The idea that an epic level demon lord can only do, throughout his entire day, throughout the millenia as he hatches his evil, cosmos spanning schemes, that the only things he is capable of doing are the few combat/encounter powers listed in his MM entry. That is so clearly not the intent. The evidence is in the simplicity of the stat blocks and the design style throughout the edition, which fully encourages the DM to, well, DM the game.
Again, that's a mindset I find laudable, but I see no evidence in the RAW for it. Appealing to the stat block's simplicity doesn't tell either way. And, as I said, I find it telling that the p.42 in the DMG is solely designed to cater for "actions"
of the PC "the rules don't cover".
More direct evidence is coming in the Draconomicon or whatever its called this time around. Undoubtedly the book will contain whole chapters on things dragons do when they aren't slaughtering parties. The stat block is needed for a fight, it is not the end all be all of the creature.

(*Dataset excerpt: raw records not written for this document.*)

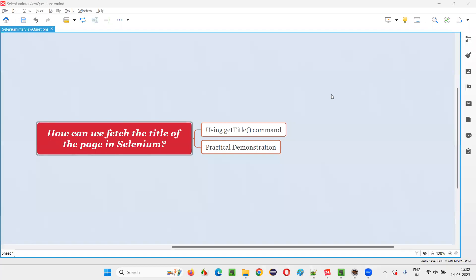Hello all, welcome to this session. In this session, I am going to answer one of the Selenium interview questions. That is, how can we fetch the title of the page in Selenium WebDriver?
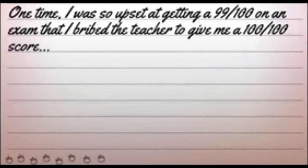One time, I was so upset at getting a 99 out of 100 on an exam that I bribed the teacher to give me a 100 out of 100 score.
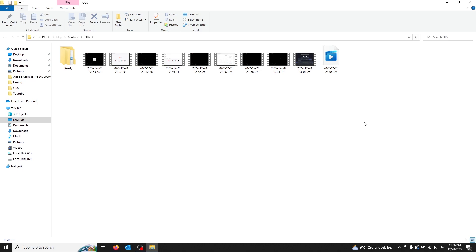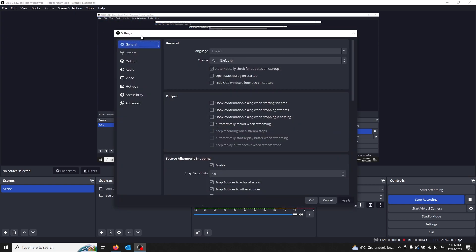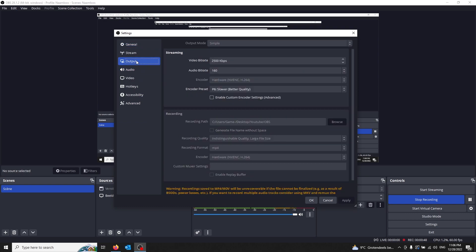If you want to change this folder, all you've got to do is go to File in the left corner again, open up Settings. From your Settings, you open up the third tab, which is Output. When you open up Output, you see streaming settings and recording settings. Go to your recording settings and press the Recording Path. From here, all you've got to do is press Browse and select the folder you wish your recordings to appear in. I can't change it right now because I'm currently recording this video.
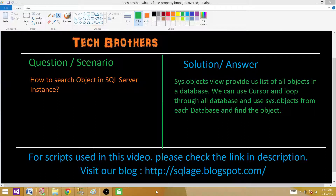Welcome to Tech Brothers with Amit. Today we are going to answer this question and perform a demo: how to search for an object in a SQL Server instance? That means we want to search an object in all of the databases in SQL Server or on a SQL Server instance.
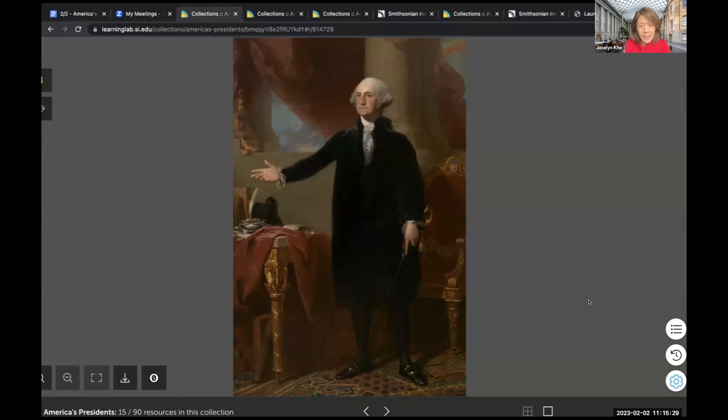Let's take a look at this very distinguished portrait. Take a closer look and see if what you shared matches what you see. We do have here our sitter, and I think some folks already identified our sitter as George Washington, our first president.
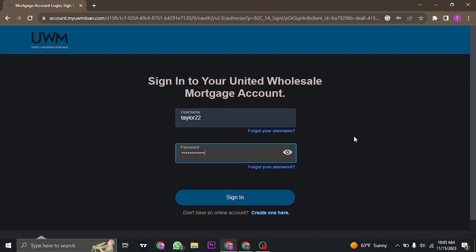If you have forgotten your username of your account, click on the forgot username link and follow the simple steps to recovering it.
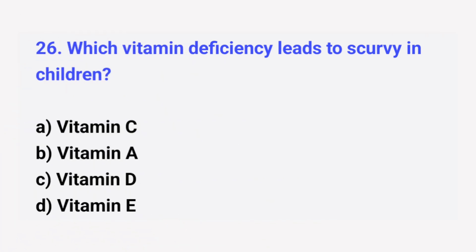Question number 26. Which vitamin deficiency leads to scurvy in children? The right answer is option A: Vitamin C.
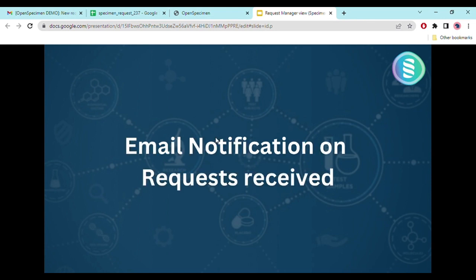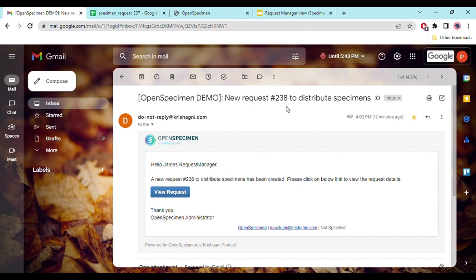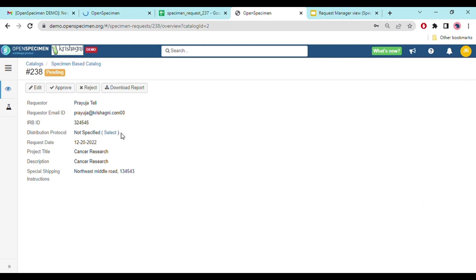Whenever a researcher puts a request for specimens, the request manager receives an email notification. For example, if request #238 is put by a requester, you will receive an email saying that new request #238 has been submitted. Once you click on the 'View Request' option in the email, you get navigated to that request so you can see the details and the specimens that have been requested.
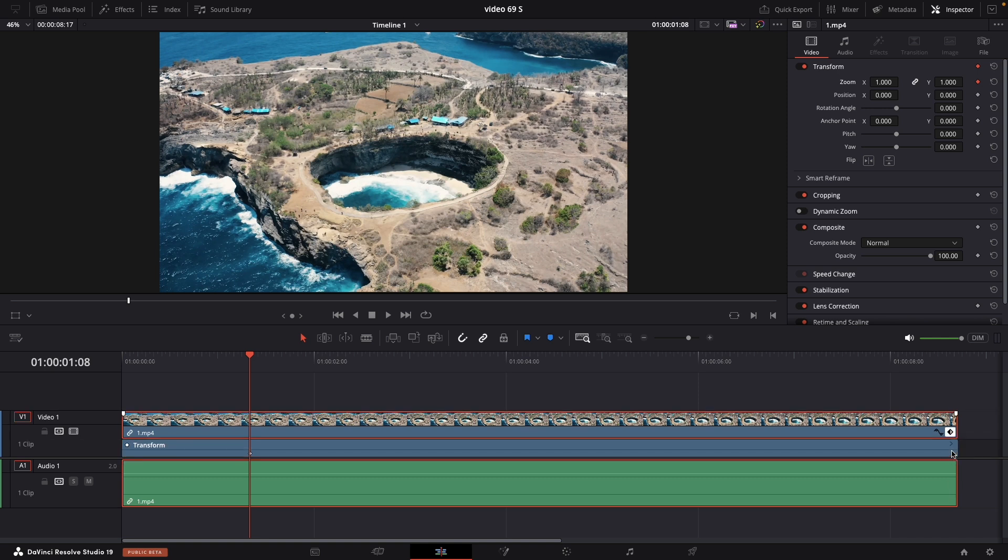Next thing, expand the other diamond so you will see your keyframes.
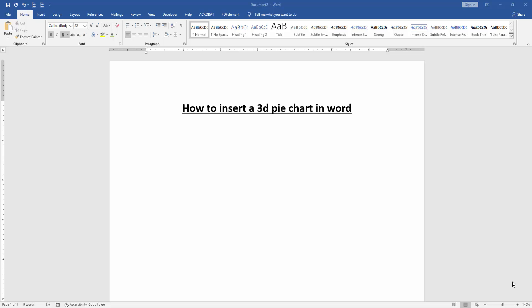Assalamualaikum. Hello friends, how are you? Welcome back to our another video. In this video, I am going to show you how to insert a 3D pie chart in Microsoft Word. Let's get started.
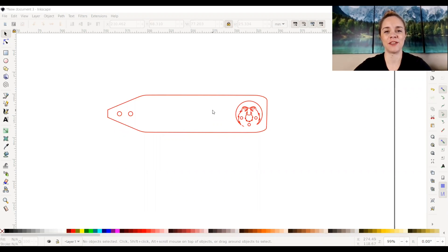Hey everyone, it's Katherine from 85th and Pine and in today's Inkscape video, we are going to work on object to path. So let's go ahead and get started.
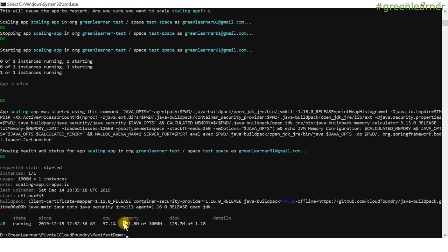The memory limit is now changed to 1000M. One important thing to remember: your application needs a minimum amount of memory to run. If I gave it 500M or 400M, the application wouldn't start — same as a local machine. By default it allocates 1GB, but I can customize to 700M or 800M since our application is small and simple.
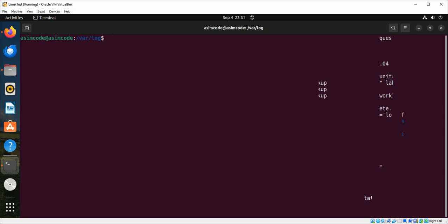Then we are going to look at daemon.log which logs messages from system daemons, which are background services that run continuously.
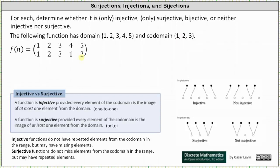However, the function is not injective because injective functions do not have repeated elements from the codomain in the range. The elements of 1 and 2 from the codomain are repeated. More formally, the function is not injective because every element of the codomain is not an image of at most one element from the domain — because of the elements 1 and 2.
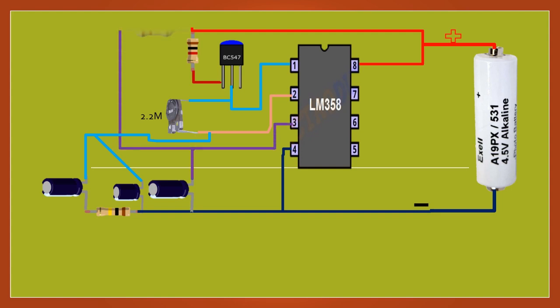Bhale hi mobile phone silent mode me rakha gaya ho. Jab yeh ek sakriya mobile phone se RF signal ka pata lagata hai, to iska LED blink karna shuru kar deta hai, aur signal band hone tak blink karna jari rakhta hai.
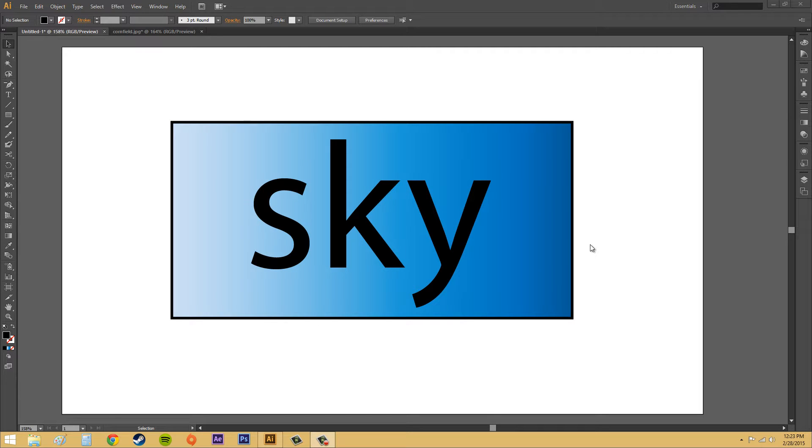Hey everybody, welcome to another Illustrator CSX tutorial. In this tutorial, I'm going to show you how to create clipping masks or clipping paths.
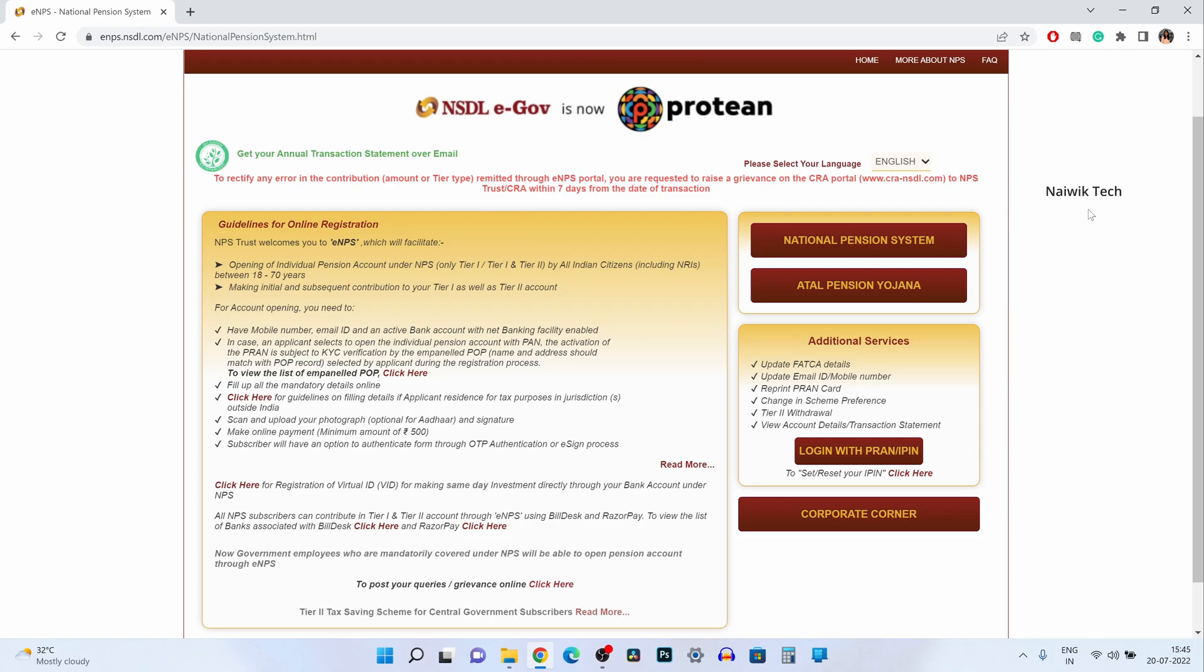Using this facility you can get the annual statement of your NPS account to your registered email address.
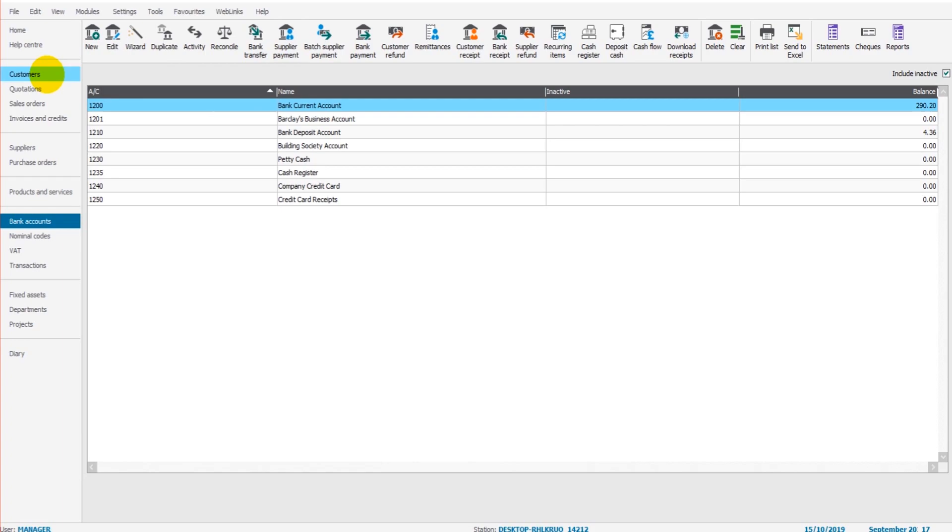Sometimes it's not the check that's recorded. Sometimes it's the paying in book. So you go and pay a bunch of cash in or checks in, and then the bookkeeper or the accountant can record those transactions from the paying in book. And there can be other things that happen purchase orders, other sources of information can be entered onto Sage.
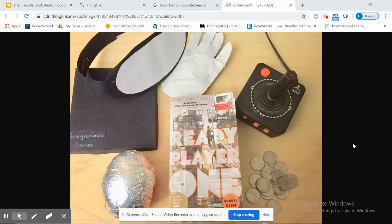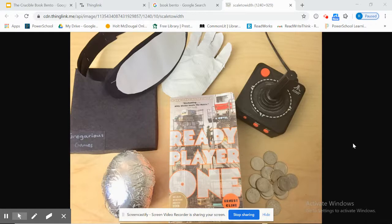There are two options for completing a book bento. The first one is using the app version of ThingLink and their phone — they can create the collage themselves, take a picture with their phone, and upload it into the ThingLink app and create from there. Another option is to create their book bento using Google Slides.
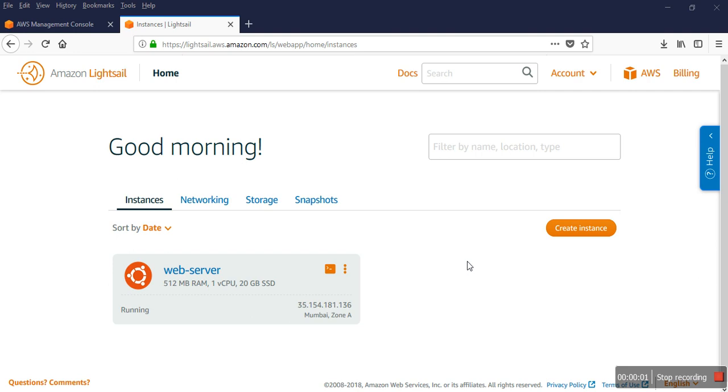Hello everyone, welcome to my channel. Myself SD. Today I'm going to show you how to configure the firewall in Amazon Lightsail. In my previous video,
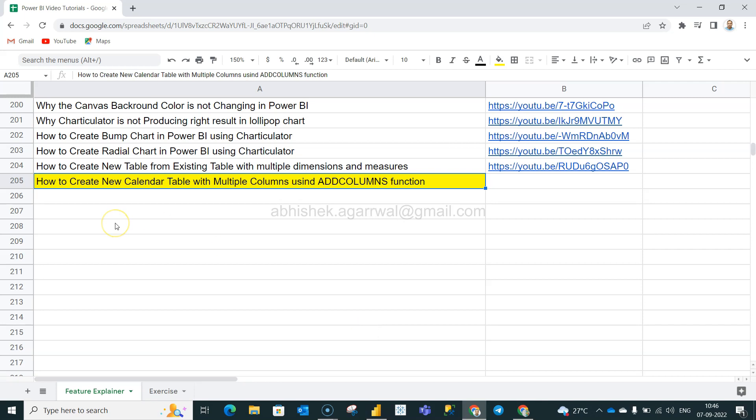Hello there and welcome to the new Power BI tutorial video. In this video I want to show you how you can create a new calendar table, or in a way any table where you can add multiple columns using the add columns function.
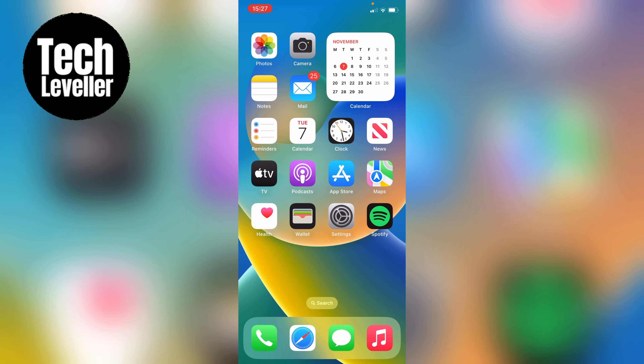Welcome to Tech Leveler. I'm Lee and in this super quick video I'm going to show you how to change your wallpaper on your iPhone or iPad.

Ah, here lies the source of the trouble. Where 3E erred on the side of covering
every tedious bit of the game by the same rule mechanics, this leading to an extreme quantative inflation of rules, 4E is hard to digest because it provides rules
only for combat, leaving the remainder of the game not integrated into the core mechanic; or, to put it otherwise, leaving the relation the remainder of the game bears to that "core part" unclear and up to the DM. I had never understood and grokked that until I read
this mind-blowing review of 4E, which really sold me on 4E. You see, 4E critics are right that 4E is in a sense about "combat only": it only provides rigid mechanical rules for combat. (Note how much this argument relies on the 3E mentality of "if it's not codified in the rules, it's not in the game.") Every other aspect of the game is entirely left for the DM to administer, skill challenges being a case in point. Now that's what makes 4E liberating to DM. But I also find this design approach a pain in the back, since the complete separation of those two "halves" of the game - combat and non-combat - causes a high level of arbitrarity (and hence, of arbitration on my part) when I retroactively insert new elements into the game. Because the relation of those new elements to the mechanically defined "core (skirmish) game" isn't just left uncodified (which is a blessing, compared to 3E), I'm not given any sort of guideline whatsoever. To be honest, I think a great amount of DMs will be discouraged by this complete shift of responsibility from 3E to 4E. 1E, to mention another creature, was much better in that regard, in that its core mechanics was much more general in approach, so when you added rules you didn't feel you altered the tone of the game. With 4E it definitely feels that way - I arbitrarily stick arbitrary elements onto the game as written.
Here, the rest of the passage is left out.